At the same time, the Simon's Rock Piano Quartet, made up of faculty members from the college, will perform Brahms, Prokofiev and Mozart in the South Berkshire opener.
Whatever influence the sun's passage may have exerted on these concert givers, the Berkshires will not see a glut like this again until next summer.
In general, the unfolding season offers the usual mix of the familiar and the occasionally unfamiliar, ranging from chamber and symphony to opera in the Met's HD Live series. As always, Williams College is the prime presenter, sampling jazz, world music, old music and new music in addition to the classics.
Williams performances are keyed to student participation and study. As music department chairman W. Anthony Sheppard writes in the concert brochure: "Performing and experiencing live music is an essential element of a liberal arts education."
The most ambitious programs come from the Berkshire Symphony. Under director Ronald Feldman, the mixed student-professional orchestra opens its Williams season on Oct. 11 with a couple of rarities: an overture by John Knowles Paine, the all-but-forgotten American composer, and Sibelius' one-movement Symphony No. 7. Doris Stevenson will be the soloist in Beethoven's Piano Concerto No. 3.
In a Nov. 22 sequel, the orchestra will play Michael Torke's Olympics-inspired "Javelin" along with Ravel's "Tombeau de Couperin" and Brahms' Fourth Symphony. Two more programs will follow in the New Year. Guest conductors will replace Feldman, who will be on sabbatical.
Also at Williams, the mother-son team of violinist Miriam Fried and pianist Jonathan Biss will give a recital on Oct. 30, and the Momenta Quartet, a new-music group, will perform on Nov. 13. In honor of the Britten centennial, the Williams Chamber Players, who have already led off the season, will include his Phantasy Quartet for oboe and strings on an Oct. 10 program.
A celebration of Britten's choral music will take place on Oct. 20 when the Cantilena Chamber Choir, under director Andrea Goodman, devotes a full program to such pieces as his "Hymn to St.

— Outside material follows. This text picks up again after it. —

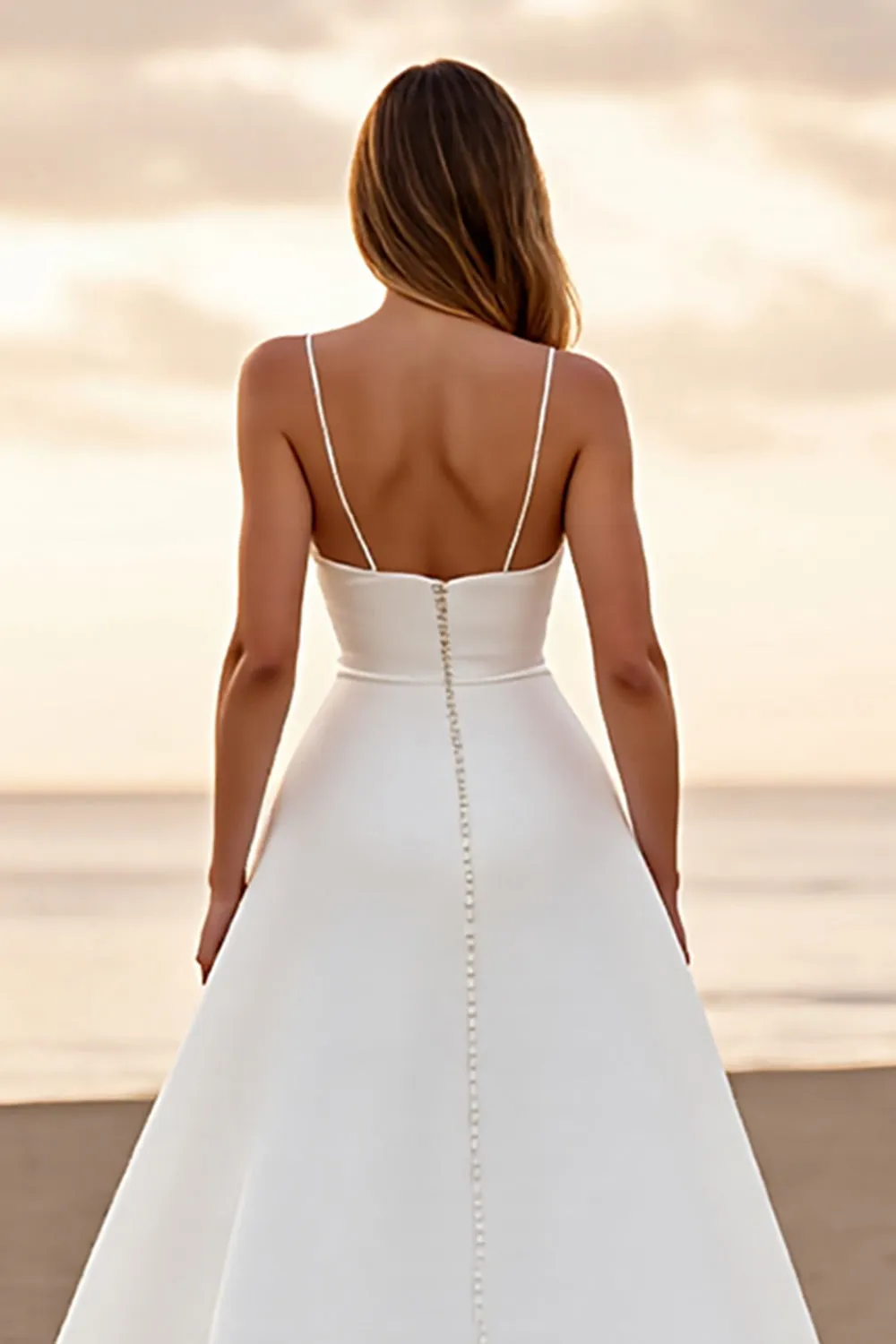 White Simple Satin A Line Wedding Dress with Slit sold by Zapaka product image thumbnail 4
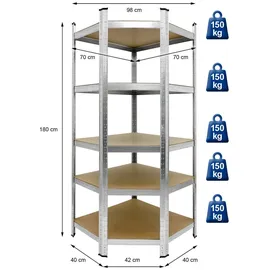 ECD Germany Lagerregal MDF 180x70x40 cm verzinkt grau 5 Platten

Cecilia" and "Hymn to the Virgin." Two children's choruses from the Pioneer Valley will join in.
Cantilena also plans a Christmas program of works by Poulenc and Russian composers on Dec. 15.
Miriam Fried makes another Berkshire appearance - this with her husband, violist Paul Biss -- in the leadoff concert of the Close Encounters with Music series on Oct. 19. The program, in which pianist Renana Gutman and cellist-director Yehuda Hanani also take part, offers piano quartets by Brahms, Beethoven and Paul Schoenfield. The Schoenfield piece is billed as a world premiere.
Close Encounters also lists violinist Vadim Gluzman and pianist Angela Yoffe in a holiday program on Dec. 21. Four more programs are scheduled in 2014.
Two one-off concerts of note: a resident artists string quintet at the Clark Art Institute on Nov. 17, and Berkshire Bach's annual New Year's Eve Bach bash (to be repeated on New Year's Day in Northampton).
The county's other choruses will raise their voices, and lest anyone forget, the four Met screenings are "Eugene Onegin" (Oct. 5), "The Nose" (Oct. 26), "Tosca" (Nov. 9) and "Falstaff" (Dec. 14). Showings take place at the Mahaiwe, Clark and Beacon Cinema, with encore performances at the Mahaiwe.